Supplied data ▸
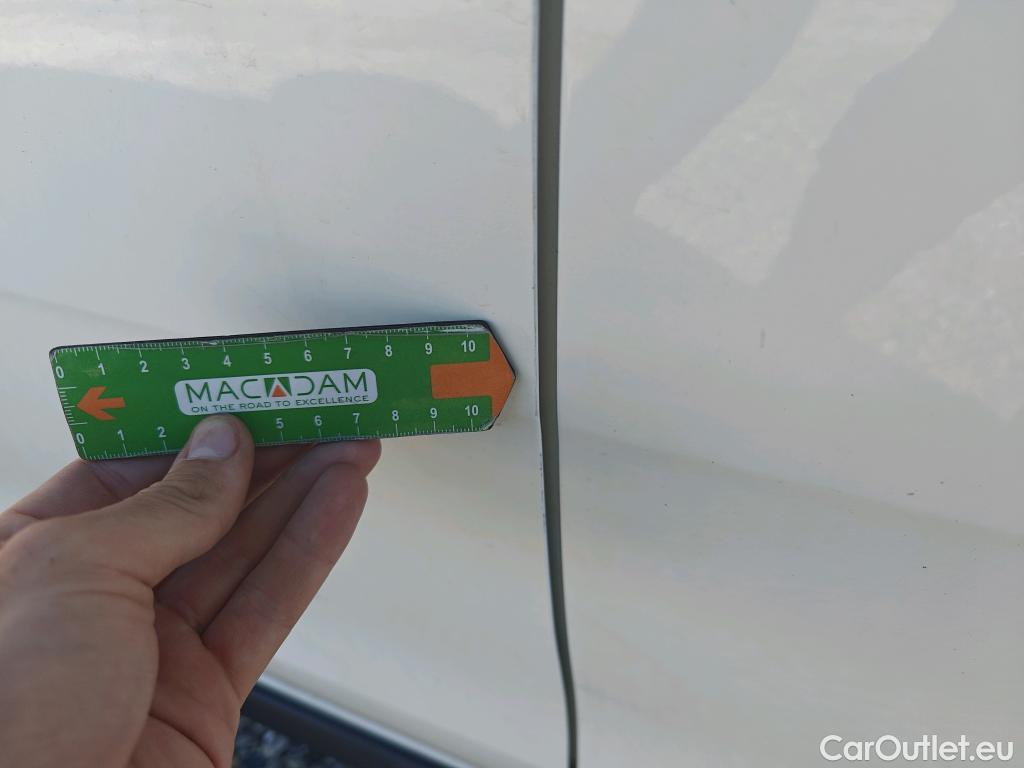 Citroen  C3  Feel 1.2 PureTech 80CV MT5 E6d #3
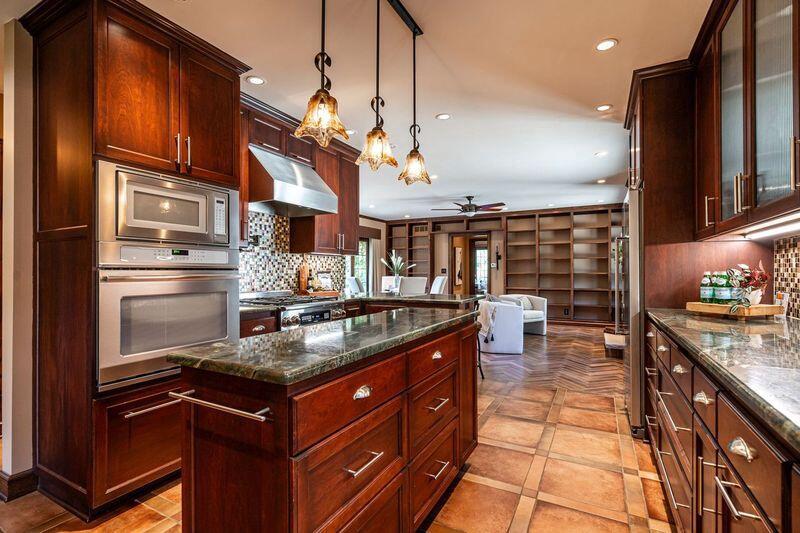 2413 North 86th STREET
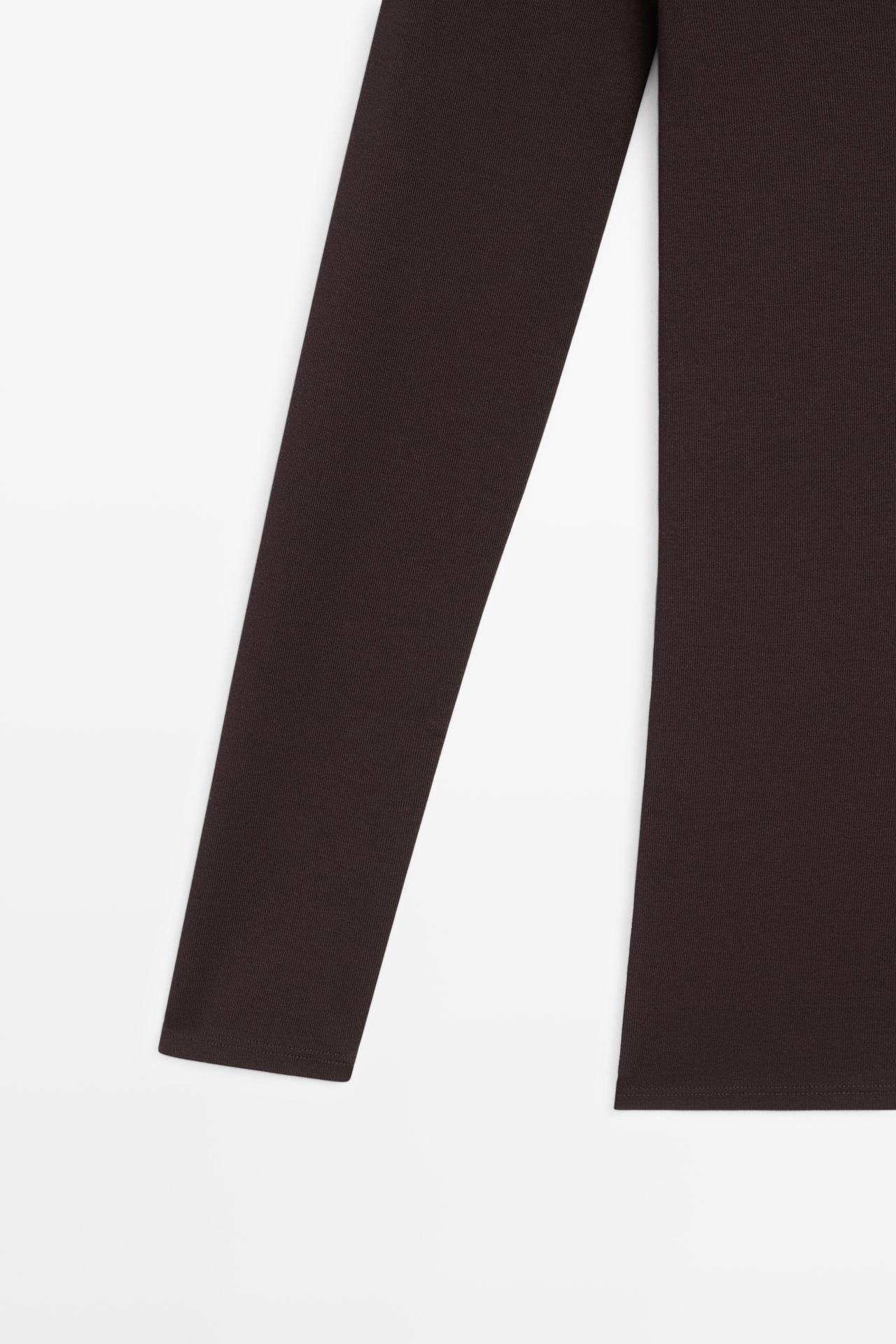 Stretch long sleeve top — BROWN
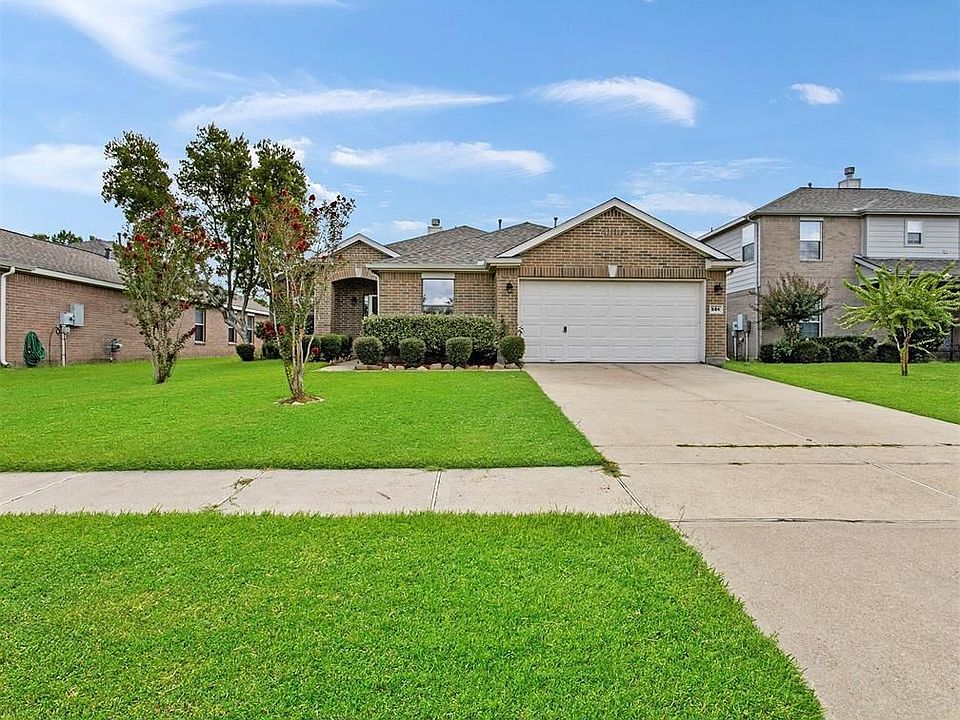 1st image of 524 Cedar Branch Dr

Task brief ▸ Please repeat the lines above from the line containing "Stretch long sleeve top — BROWN" through the final line, both included, exactly as they stand and without pictures.

Reply to the task ▸
 Stretch long sleeve top — BROWN
 1st image of 524 Cedar Branch Dr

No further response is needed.